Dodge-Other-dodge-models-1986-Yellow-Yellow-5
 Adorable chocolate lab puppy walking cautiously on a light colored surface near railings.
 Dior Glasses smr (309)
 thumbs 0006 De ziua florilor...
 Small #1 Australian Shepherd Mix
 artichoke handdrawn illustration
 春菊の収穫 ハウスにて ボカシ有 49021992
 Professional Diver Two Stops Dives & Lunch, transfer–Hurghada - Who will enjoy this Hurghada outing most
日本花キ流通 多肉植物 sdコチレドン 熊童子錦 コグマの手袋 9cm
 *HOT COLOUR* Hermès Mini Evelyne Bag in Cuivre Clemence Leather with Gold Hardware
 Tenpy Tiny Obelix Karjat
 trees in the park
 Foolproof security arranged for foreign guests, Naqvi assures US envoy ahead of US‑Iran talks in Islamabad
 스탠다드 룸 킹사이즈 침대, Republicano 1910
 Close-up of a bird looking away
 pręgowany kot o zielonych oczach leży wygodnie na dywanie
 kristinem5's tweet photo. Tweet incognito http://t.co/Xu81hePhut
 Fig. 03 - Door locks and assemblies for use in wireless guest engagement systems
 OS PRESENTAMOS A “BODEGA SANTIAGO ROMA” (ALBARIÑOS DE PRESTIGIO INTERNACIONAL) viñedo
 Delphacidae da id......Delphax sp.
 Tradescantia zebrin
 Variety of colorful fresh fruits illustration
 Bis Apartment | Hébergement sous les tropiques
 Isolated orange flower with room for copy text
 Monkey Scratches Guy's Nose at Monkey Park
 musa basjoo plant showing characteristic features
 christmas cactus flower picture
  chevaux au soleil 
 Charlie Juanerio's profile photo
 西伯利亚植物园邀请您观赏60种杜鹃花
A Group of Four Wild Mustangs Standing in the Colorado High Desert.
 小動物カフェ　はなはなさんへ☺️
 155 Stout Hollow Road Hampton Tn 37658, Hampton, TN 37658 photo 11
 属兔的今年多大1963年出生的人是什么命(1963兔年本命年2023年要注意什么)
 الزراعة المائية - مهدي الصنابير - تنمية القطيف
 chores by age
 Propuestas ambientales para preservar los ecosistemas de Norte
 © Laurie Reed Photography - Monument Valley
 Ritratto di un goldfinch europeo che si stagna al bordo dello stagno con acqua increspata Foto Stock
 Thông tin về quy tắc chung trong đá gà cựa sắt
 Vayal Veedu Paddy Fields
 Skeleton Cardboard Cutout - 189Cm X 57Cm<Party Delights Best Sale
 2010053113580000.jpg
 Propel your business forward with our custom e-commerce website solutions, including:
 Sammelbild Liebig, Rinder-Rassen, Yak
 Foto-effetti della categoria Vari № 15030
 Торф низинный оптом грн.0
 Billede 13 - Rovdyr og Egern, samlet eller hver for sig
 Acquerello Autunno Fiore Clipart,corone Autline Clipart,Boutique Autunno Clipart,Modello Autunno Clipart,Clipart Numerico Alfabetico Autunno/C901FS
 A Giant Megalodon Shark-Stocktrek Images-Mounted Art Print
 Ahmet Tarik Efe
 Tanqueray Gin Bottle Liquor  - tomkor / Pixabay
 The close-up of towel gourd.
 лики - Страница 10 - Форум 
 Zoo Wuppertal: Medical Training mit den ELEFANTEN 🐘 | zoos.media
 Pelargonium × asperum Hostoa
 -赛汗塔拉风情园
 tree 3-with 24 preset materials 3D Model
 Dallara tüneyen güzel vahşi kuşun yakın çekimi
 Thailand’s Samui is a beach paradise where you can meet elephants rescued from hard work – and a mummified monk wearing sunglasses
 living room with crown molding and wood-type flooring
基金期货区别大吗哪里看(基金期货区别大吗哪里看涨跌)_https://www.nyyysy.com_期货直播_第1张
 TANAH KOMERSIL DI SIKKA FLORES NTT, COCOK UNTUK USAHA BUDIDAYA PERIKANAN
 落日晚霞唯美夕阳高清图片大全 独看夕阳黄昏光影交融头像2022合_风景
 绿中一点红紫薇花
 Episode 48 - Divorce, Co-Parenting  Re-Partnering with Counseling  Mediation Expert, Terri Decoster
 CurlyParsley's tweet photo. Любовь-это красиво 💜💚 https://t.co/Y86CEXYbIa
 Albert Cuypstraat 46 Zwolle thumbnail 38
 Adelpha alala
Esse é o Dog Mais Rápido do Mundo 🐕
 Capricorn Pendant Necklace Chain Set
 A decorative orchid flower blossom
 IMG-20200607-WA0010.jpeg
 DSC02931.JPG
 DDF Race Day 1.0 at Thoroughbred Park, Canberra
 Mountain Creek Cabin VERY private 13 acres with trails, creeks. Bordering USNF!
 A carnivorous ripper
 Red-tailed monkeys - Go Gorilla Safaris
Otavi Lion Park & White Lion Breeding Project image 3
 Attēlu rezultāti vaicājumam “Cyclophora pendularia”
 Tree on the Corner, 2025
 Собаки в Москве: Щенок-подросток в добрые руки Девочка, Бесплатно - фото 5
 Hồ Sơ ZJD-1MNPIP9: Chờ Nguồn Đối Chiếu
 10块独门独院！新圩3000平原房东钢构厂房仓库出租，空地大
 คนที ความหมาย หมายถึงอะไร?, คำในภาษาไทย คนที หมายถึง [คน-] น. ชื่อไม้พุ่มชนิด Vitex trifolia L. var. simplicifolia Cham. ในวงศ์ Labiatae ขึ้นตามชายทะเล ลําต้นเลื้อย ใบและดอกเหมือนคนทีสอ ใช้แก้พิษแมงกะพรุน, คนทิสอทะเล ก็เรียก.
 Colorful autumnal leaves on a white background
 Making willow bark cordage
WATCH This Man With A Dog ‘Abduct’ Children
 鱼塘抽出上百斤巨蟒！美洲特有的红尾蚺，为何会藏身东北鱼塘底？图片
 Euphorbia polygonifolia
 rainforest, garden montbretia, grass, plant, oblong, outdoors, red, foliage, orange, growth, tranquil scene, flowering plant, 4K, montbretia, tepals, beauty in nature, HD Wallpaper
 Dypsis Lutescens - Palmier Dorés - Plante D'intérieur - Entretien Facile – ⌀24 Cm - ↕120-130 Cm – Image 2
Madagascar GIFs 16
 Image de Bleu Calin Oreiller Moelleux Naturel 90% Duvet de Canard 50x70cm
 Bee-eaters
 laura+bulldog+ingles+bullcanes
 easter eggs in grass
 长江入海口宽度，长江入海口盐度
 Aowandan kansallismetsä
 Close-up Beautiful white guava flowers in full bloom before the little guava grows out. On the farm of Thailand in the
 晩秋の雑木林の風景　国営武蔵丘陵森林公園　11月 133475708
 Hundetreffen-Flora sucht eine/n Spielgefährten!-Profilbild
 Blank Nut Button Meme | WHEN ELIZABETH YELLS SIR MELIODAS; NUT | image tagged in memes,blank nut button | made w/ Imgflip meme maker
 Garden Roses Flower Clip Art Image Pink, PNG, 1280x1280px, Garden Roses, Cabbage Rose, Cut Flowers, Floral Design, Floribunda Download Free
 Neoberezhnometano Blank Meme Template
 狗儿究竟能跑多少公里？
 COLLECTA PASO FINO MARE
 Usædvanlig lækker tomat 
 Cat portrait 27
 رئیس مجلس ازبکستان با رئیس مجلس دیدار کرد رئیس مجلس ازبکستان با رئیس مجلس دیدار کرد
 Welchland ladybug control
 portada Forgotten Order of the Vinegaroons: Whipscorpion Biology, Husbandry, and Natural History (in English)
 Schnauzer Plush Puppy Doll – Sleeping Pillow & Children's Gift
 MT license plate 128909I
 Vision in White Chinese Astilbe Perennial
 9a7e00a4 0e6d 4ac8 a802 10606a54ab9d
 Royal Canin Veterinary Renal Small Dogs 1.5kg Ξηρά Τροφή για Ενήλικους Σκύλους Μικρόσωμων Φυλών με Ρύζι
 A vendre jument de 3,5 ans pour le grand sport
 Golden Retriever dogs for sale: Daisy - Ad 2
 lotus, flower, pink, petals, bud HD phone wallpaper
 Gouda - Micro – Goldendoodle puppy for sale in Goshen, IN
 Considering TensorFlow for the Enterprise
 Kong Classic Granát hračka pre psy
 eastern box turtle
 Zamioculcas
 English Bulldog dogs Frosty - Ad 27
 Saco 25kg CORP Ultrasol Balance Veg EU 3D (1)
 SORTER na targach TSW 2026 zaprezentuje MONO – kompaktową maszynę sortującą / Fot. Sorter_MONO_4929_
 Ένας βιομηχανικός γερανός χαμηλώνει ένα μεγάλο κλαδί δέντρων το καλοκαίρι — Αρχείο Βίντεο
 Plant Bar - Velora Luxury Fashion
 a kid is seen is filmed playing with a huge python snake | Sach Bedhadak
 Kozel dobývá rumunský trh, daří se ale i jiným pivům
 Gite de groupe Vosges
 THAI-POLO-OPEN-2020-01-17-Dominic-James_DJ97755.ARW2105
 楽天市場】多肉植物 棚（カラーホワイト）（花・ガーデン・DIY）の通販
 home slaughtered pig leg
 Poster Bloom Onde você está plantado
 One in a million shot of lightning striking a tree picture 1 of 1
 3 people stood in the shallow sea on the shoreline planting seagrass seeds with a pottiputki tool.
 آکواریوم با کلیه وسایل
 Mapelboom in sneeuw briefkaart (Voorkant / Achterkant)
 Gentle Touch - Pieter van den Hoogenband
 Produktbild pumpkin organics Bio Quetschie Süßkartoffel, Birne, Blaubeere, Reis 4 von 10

****************

**What you should do**
Where the data above reaches the line holding "رئیس مجلس ازبکستان با رئیس مجلس دیدار کرد رئیس", begin printing, and stop after the line holding "9a7e00a4 0e6d 4ac8 a802 10606a54ab9d". Each line must be reproduced exactly, with nothing else added.

**Response to the exercise**
 رئیس مجلس ازبکستان با رئیس مجلس دیدار کرد رئیس مجلس ازبکستان با رئیس مجلس دیدار کرد
 Welchland ladybug control
 portada Forgotten Order of the Vinegaroons: Whipscorpion Biology, Husbandry, and Natural History (in English)
 Schnauzer Plush Puppy Doll – Sleeping Pillow & Children's Gift
 MT license plate 128909I
 Vision in White Chinese Astilbe Perennial
 9a7e00a4 0e6d 4ac8 a802 10606a54ab9d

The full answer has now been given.